Hamburg, 10. Februar 1997

Sehr geehrter Herr Bergmann,

in der Ausgabe des Hamburger Abendblattes vom 7. Februar 1997 sind Sie in dem Bericht
- Jugend-Kriminalität - eine "tickende Zeitbombe" - mit der Äußerung zitiert worden, einige Richter würden sogar "aus sprichwörtlicher Faulheit" junge Tatverdächtige laufen lassen.

Ich möchte bis jetzt eigentlich nicht glauben, daß Sie tatsächlich diese höchst beleidigende, im übrigen völlig haltlose Behauptung aufgestellt haben, hoffe also, daß Sie falsch zitiert worden sind.

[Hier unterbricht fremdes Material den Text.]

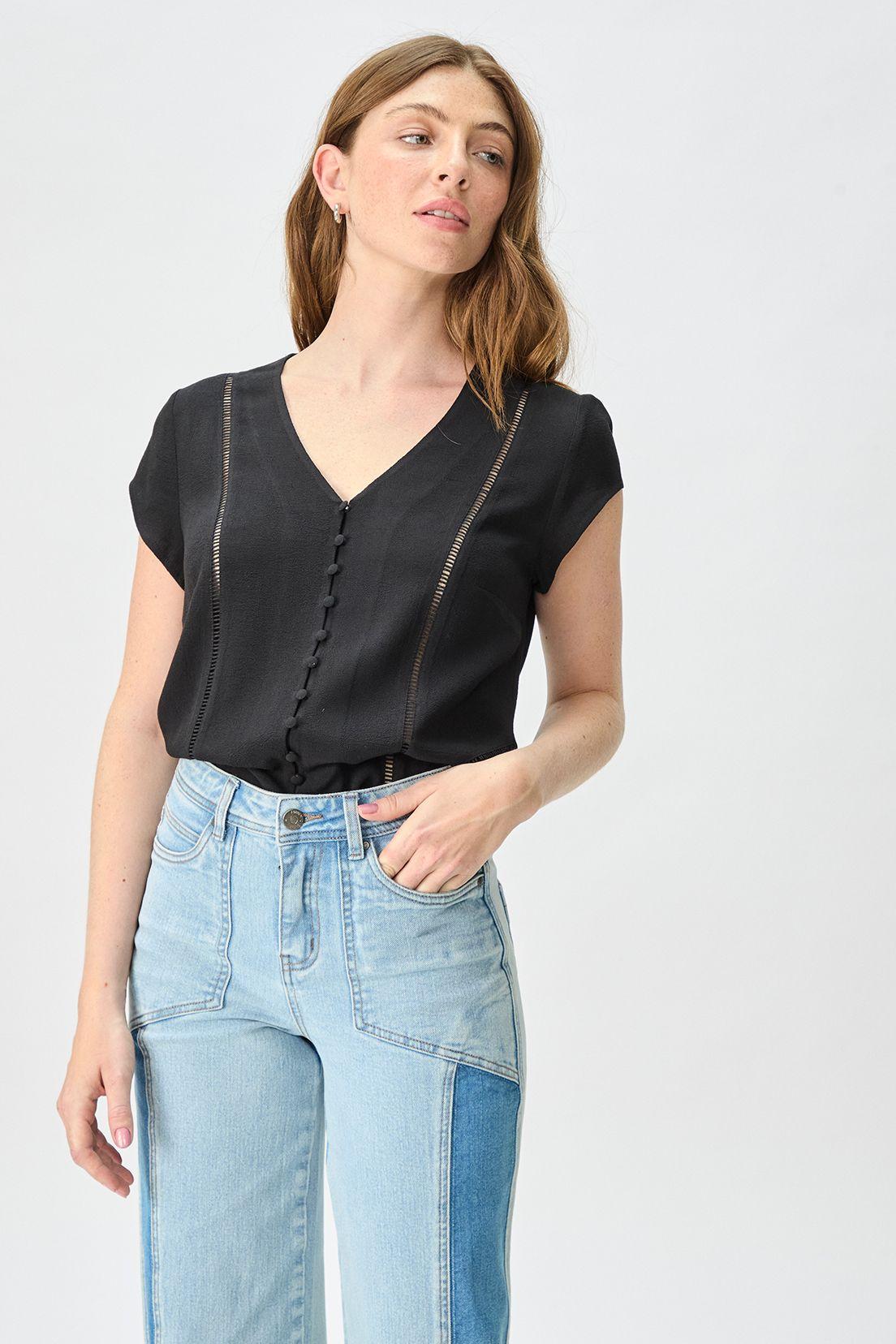 Blusa Lisa Negro iO 14020125011102-0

Mag auch die Polizei in Einzelfällen mit Entscheidungen der Strafgerichte, insbesondere der Jugendgerichte, nicht einverstanden sein, so rechtfertigt dies in gar keiner Weise den Vorwurf, Richter würden etwa aus Faulheit Tatverdächtige laufen lassen, also Rechtsbeugung begehen. Die Richter sind über diese Äußerung zu Recht empört. Ich erhoffe und erwarte von Ihnen daher in dieser Sache eine klarstellende Erklärung.

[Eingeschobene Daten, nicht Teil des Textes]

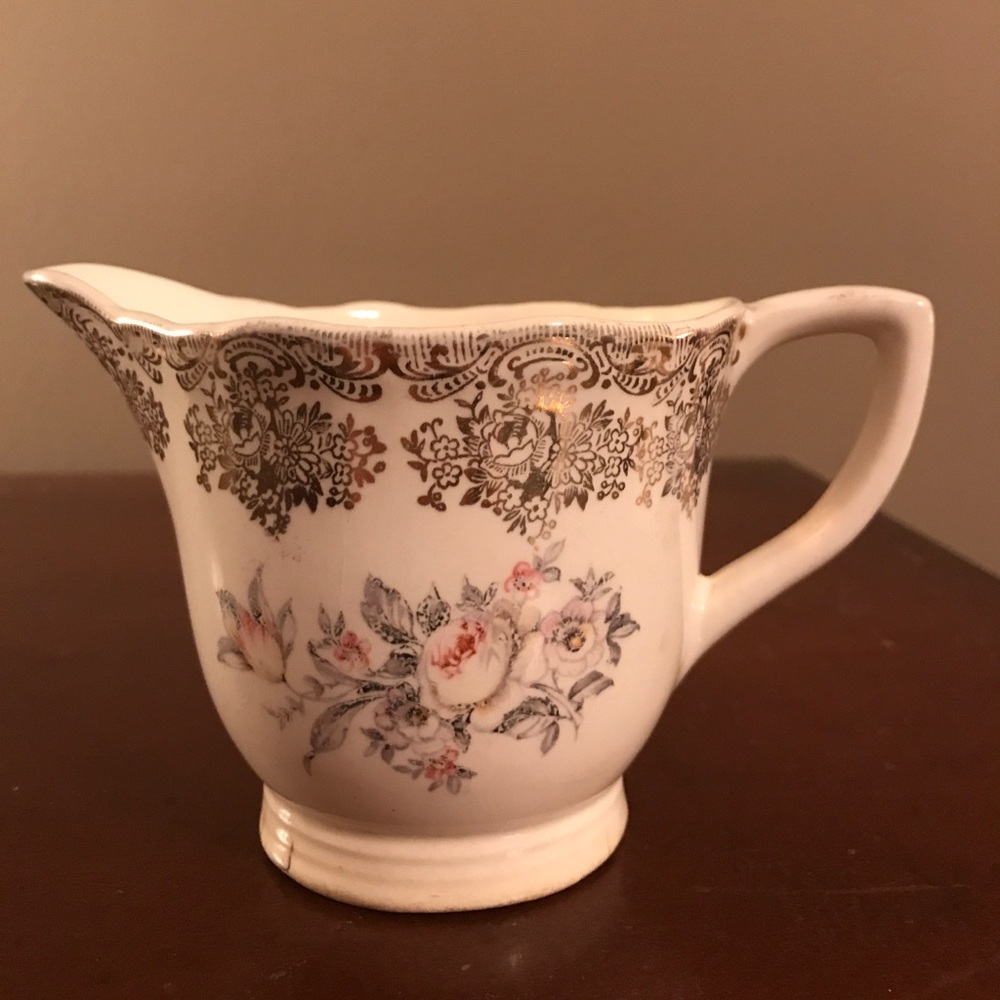 22 Karat Gold tea cup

Kürzlich habe ich in der Landespolizeischule referiert. In der anschließenden Diskussion wurde von vielen Beteiligten der Wunsch nach einem runden Tisch mit Richtern geäußert, um gemeinsame Probleme, gegenseitige Fragen und Anliegen zu erörtern. Ihre im Hamburger Abendblatt wiedergegebene Behauptung ist nicht dazu angetan, ein solches Gespräch zwischen Polizei und Gerichte zu fördern.